Further, respective bits of the control are given.
We see that the current value of the Program Counter (PC) is used as an input to a red adder which uses the value 4 as second input.
The output of the adder is then passed on to a multiplexer which selects the output of this adder since the multiplexer's control bit is 0.
The multiplexer's output is the program counter's value in the next cycle.
In summary, the program counter is simply incremented by 4 when executing ``adds x0, x0, #5`` as we would expect based on the discussion in :numref:`ch:single_cycle_machine_code`.

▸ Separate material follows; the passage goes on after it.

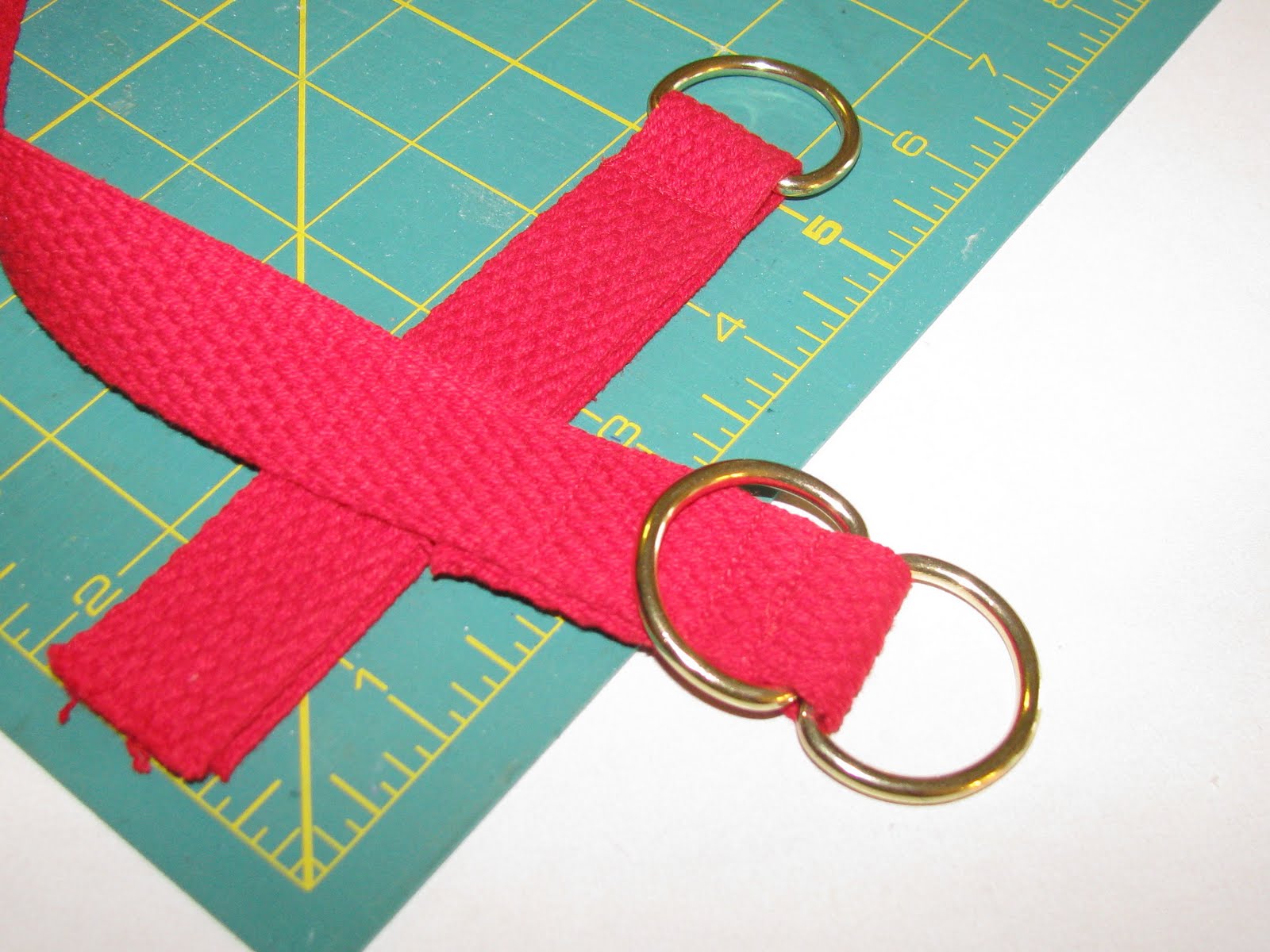 Very Verdant: Arm Sling Tutorial - Hopefully You'll Never Need To Use It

For the remainder of this subsection we'll study how the branches in the execution of the code in :numref:`listing:machine_code_asm` manipulate the program counter.

.. admonition:: Tasks

   #. Use the Graphical Micro-Architecture Simulator to assemble the code in :numref:`listing:machine_code_asm`.
      Exclude the ``ret`` instruction.
      Use ``addis`` instead of ``adds`` and ``subis`` instead of ``subs`` when entering the assembly code.
      Run the code until you reach instruction ``addis x0, x1, x2``.
      Provide screenshots with ascending names, i.e., ``bne_0.png``, ``bne_1.png`` and so on, which show the visualized processor after every executed conditional branch.

   #. Briefly describe the changes of the program counter after every execution of a branch instruction.
      Briefly explain the reasons for the observed changes.